Appoggiati ai badili, sudati,
facce rosse alla luce della lanterna,
ancora caldi per la foga dello scavo sentivamo appena il vento freddo di
mezzanotte.
Era un tipo bello e tranquillo, un padre di famiglia con cui parlavo spesso
di gioie futili e pene del nostro piccolo mondo scuro
all’osteria il sabato sera.
E ora eccolo là, uomo enorme, un sole spento seguito ancora da fedeli invisibili
pianeti,
sorge su mondi estinti in un’eclisse attraverso una miriade di stelle – svanito
come una bolla nella corrente dell’eternità,
andato in pezzi incautamente sulle cascate maestose di lidi ignoti.
E tornavamo lenti verso casa, tremanti, smarriti, cupi –
tranne un ragazzo che tentava di ingannare sé stesso e i suoi pensieri assillanti
con una barzelletta sciocca sul morto –
Iniziò a cadere la neve come un sogno bianco nel duro sonno della notte
d’inverno
e una donna con gli occhi impazziti emerse correndo dall’oscurità.”
Pascal D’Angelo (pseudonimo di nome d’arte di Pasquale D’Angelo), “Incidente al deposito di carbone”, da “Poesie” – Traduzione di Mariagiorgia Ulbar
(“The pick and shovel poet” – come lui stesso si definì – “il poeta del piccone e della pala”, nasce a Introdacqua, nell’aquilano ed emigra in America in cerca di fortuna, convinto che da qualche parte, “in questa sconfinata nazione”, ci fosse quella luce che avrebbe inseguito per tutta la vita.
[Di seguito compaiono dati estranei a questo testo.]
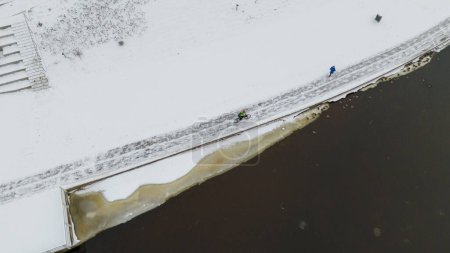 Drone photography of cyclist and runner by the river exercising during winter cloudy day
Nel frattempo, è costretto a fare molte mestieri, il muratore, il manovale, il fruttivendolo, finché viene scoperto dal critico letterario Carl van Doren. Le sue poesie cominciano ad essere pubblicate dalle più grandi testate americane; la sua autobiografia, “Son of Italy”, ne fa un caso letterario. Un fuoco di paglia, però, complice forse il suo carattere riservato che disdegnava la fama e perfino il denaro, tanto che Pascal morirà in povertà e saranno i suoi amici a pagare le spese del suo funerale.)